After years of steady to spectacular growth, charter school enrollment has stalled in Minneapolis and St. Paul even as it continues to rise statewide.
Minneapolis charter enrollment rose by just 2 percent in the last two-year period after years of double-digit gains, according to enrollment figures compiled by the nonprofit Center for School Change. In St. Paul, home of the nation's first charter school, enrollment fell by 1 percent.
"There is very intense competition for youngsters in Minneapolis and St. Paul," said center director Joe Nathan.
He and others also attribute a slowdown in growth, both statewide and in the central cities, to delays caused by a 2009 state law revamping requirements for bodies that oversee charter schools and a temporary interruption of federal aid to charter startups.

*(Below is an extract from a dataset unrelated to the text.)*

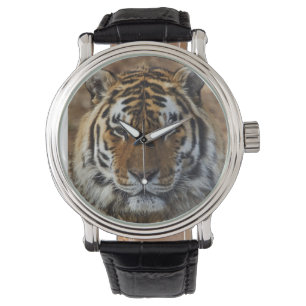 Bengal Tiger, Panthera tigris, Louisville Zoo, Watch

Charter enrollment statewide grew by an average of 5.5 percent annually over the past two years. That's the lowest growth in more than a decade. It's still better than district-run schools, where statewide enrollment has slipped by 4 percent over the last five years.
The news of slowing charter enrollment comes as the leading national charter school organization prepares to meet in Minneapolis this month to mark the 20th anniversary of the nation's first charter school. That school, City Academy in St. Paul, remains in business. Charter schools operate independently and were launched in an effort to foster innovative ways of educating students.
Nationally, charter enrollment topped 2 million students for the first time this school year, according to the National Alliance for Public Charter Schools, which meets here June 19-22. It estimated a 12.5 percent growth in enrollment this year, more than twice Minnesota's rate.
Nathan said he's now encouraging creators of new charters to locate outside Minneapolis or St. Paul unless they have a strong track record or meet an unfilled niche. He thinks it will be difficult to find that niche with 30 charter schools in Minneapolis and 29 in St. Paul. He said that not finding enough students was one reason that Chicago-based Noble Network delayed its planned 2011 opening of a North Side charter school until this fall. It plans to open Minneapolis College Prep in the former Lincoln school.
But high-performing charter schools will continue to expand and attract students in both central cities, Nathan predicted. One example he cited, five-year-old Hiawatha Academy, has expanded its elementary enrollment of 420 mostly Latino and low-income students into the middle school grades. Most grades have waiting lists, of up to 30 students, said Eli Kramer, the Nokomis-area school's interim director. He said Hiawatha plans to grow its enrollment, which is mostly Latino and low-income, to a 2,000-student K-12 program over eight years.
Another highly regarded charter school, Harvest Prep, already has expanded its North Side operations to 900 students with three sister schools oriented toward gender-specific and East African programs. Working with the Minneapolis district, founder Eric Mahmoud has been approved to open four additional schools over 10 years. The first one opens this August with a planned enrollment of 180 K-2 students.
Mahmoud said that recruiting in north Minneapolis has been made more difficult by the twin punch of foreclosures that emptied homes and last year's tornado. "We were certainly hoping that enrollment would come faster than it is," he said. "There's gradual success, not overwhelming."
Statewide, charter schools continue to enroll more low-income and minority students than district schools, by considerable margins, according to center data collected from district reports to the state. They also enroll more students who are learning English and have about the same proportion of special education students. But while Minneapolis charters have more low-income, minority and limited-English students than district schools, the opposite is true in St. Paul.